I. A Survey of External Sorting Methods
- - ------ -- -------- ------- -------
A. Most external sorting algorithms are variants of a basic algorithm
known as EXTERNAL MERGE sort. Note that there is also an internal
version of merge sort that we have considered. External merging
reads data one record at a time from each of two or more files, and
writes records to one or more output files. As was the case with
internal merging, external merging is O(n log n) for time, but O(n)
for extra space, and (if done carefully) it is stable.
B. First, though, we need to review some definitions:
1. A RUN is a sequence of records that are in the correct relative order.
2. A STEPDOWN normally occurs at the boundary between runs. Instead
of the key value increasing from one record to the next, it
decreases.
Example: In the following file: B D E C F A G H
- we have three runs (B D E, C F, A G H)
- we have two stepdowns (E C, F A)
3. Observe that an unsorted file can have up to n runs, and up
to n-1 stepdowns. In general (unless the file is exactly
backwards) there will be a lesser number than this of runs and
stepdowns, due to pre-existing order in the file.
4. Observe that a sorted file consists of one run, and has no
stepdowns.
C. We begin with a variant of external merge sort that one would not use
directly, but which serves as the foundation on which all the other
variants build.
1. In the simplest merge sort algorithm, we start out by regarding
the file as composed of n runs, each of length 1. (We ignore any
runs which may already be present in the file.) On each pass, we
merge pairs of runs to produce runs of double length.

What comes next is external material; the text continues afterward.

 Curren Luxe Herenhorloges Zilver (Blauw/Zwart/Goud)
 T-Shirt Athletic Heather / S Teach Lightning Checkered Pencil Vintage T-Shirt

a. After pass 1, we have n/2 runs of length 2.
b. After pass 2, we have n/4 runs of length 4.
c. The total number of passes will be ceil(log n). [Where ceil
is the ceiling function - smallest integer greater than or equal
to.] After the last pass, we have 1 run of length n, as desired.
d. Of course, unless our original file length is a power of 2, there
will be some irregularities in this pattern. In particular, we
let the last run in the file be smaller than all the rest -
possibly even of length zero.
Example: To sort a file of 6 records:
Initially: 6 runs of length 1
After pass 1: 3 runs of length 2 + 1 "dummy" run of length 0
After pass 2: 1 run of length 4 + 1 run of length 2
After pass 3: 1 run of length 6
2. We will use a total of three scratch files to accomplish the sort.
a. Initially, we distribute the input data over two files, so that
half the runs go on each. We do this alternately - i.e. first
we write a run to one file, then to the other - in order to
ensure stability.
b. After the initial distribution, each pass entails merging runs
from two of the scratch files and writing the generated runs on
the third. At the end of the pass, if we are not finished, we
redistribute the runs from the third file alternately back to the
first two.
Example: original file: B D E C F A G H
initial distribution: B E F G (File SCRATCH1)
D C A H (File SCRATCH2)
(remember we ignore runs existing in the raw data)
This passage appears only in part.